Tension at the Charminar in the Old City area on May 18, after the explosion in the Mecca Mosque.-

Tension at the Charminar in the Old City area on May 18, after the explosion in the Mecca Mosque.-

Communal violence, organised crime and the global jehad intersect in the Andhra Pradesh capital.

HOUSE 16-11-240, Moosaram Bagh, reads the address on the police dossier of the slight, unremarkable man the Hyderabad Police believes planned and executed the Mecca Masjid bombing. Underneath, the document records his known aliases: `Bilal', `Shahid'.

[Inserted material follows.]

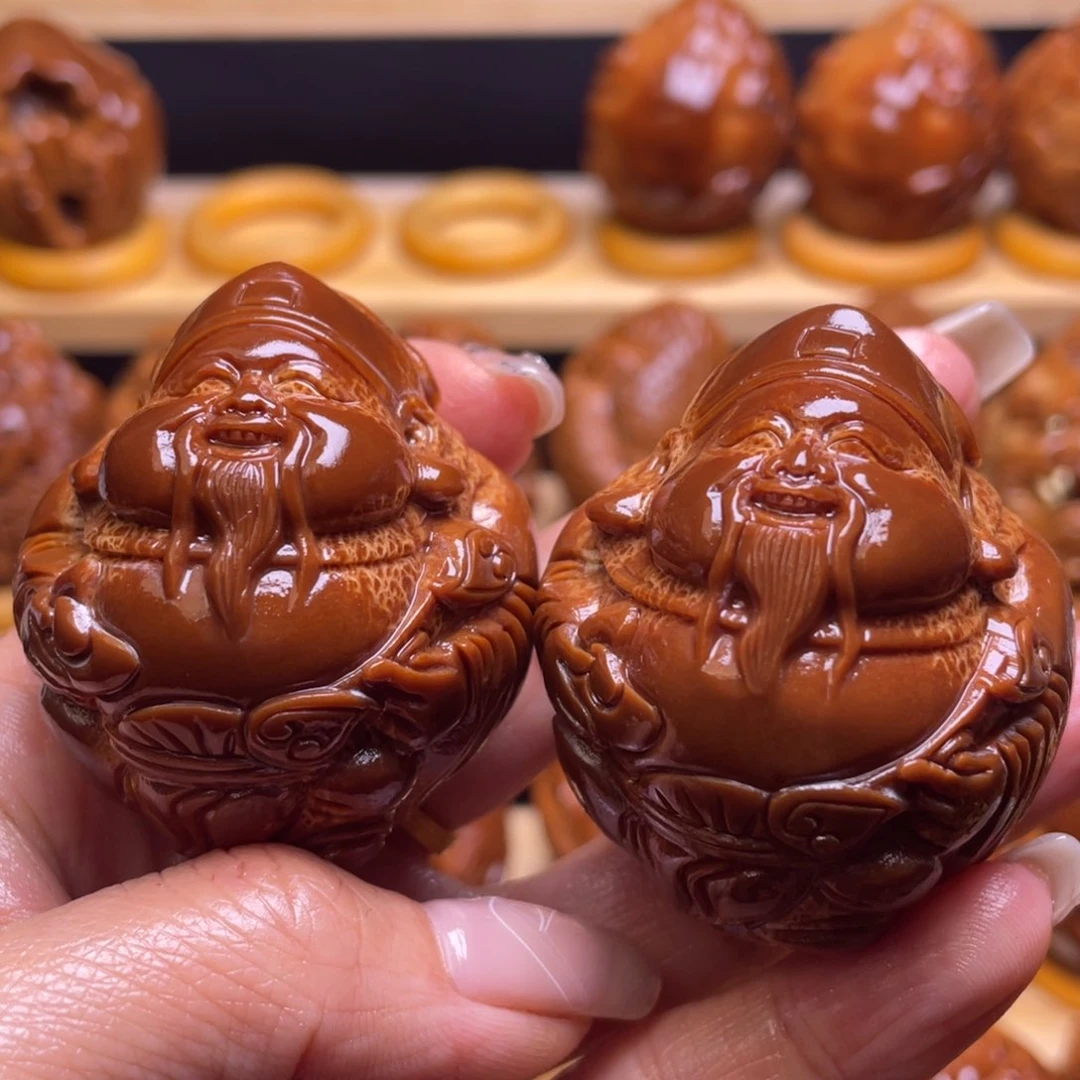 橄榄核把件玲**女巴西大橄榄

Like most of the buildings in the lower-middle-class neighbourhood that surrounds it, the well-constructed two-storey home in which alleged Mecca Masjid bomber Abdul Rehman grew up bears few signs of its past as a slum tenement. One of Rehman's brothers, Samad Rehman, works for a multinational corporation based in Saudi Arabia. While the Hyderabad Police claims he uses a part of his earnings to fund terrorism, what remittances he sends home have evidently been put to good use. Home to both Hindus and Muslims, Moosaram Bagh is the site of thousands of similar success stories.

It is also one of the sets for a story Hyderabad does not care to advertise: as one of the neighbourhoods that helped give birth to the Harkat ul-Jihad-e-Islami's (HuJI) operations in Hyderabad, a city that has a unique significance for the Islamists engaged in the long jehad against India.

Starting in September 2002, at least 14 young men from Hyderabad set out on secret journeys to terror training camps in Pakistan. A decade earlier, the demolition of the Babri Masjid by Hindu fundamentalists had led several recruits from Hyderabad into the lap of the Lashkar-e-Taiba. This time around, the hatred generated by the communal pogrom in Gujarat helped Islamist terror groups reap a fresh harvest.

Rehman, the Hyderabad Police says, was one of those 14 men. Now 26, Rehman dropped out of college less than a year after his graduation from the Asafiya High School in Hyderabad. It is unclear if he developed links with Hyderabad-based Islamist groups during this period, for Rehman's name only began figuring in intelligence records from January 2004.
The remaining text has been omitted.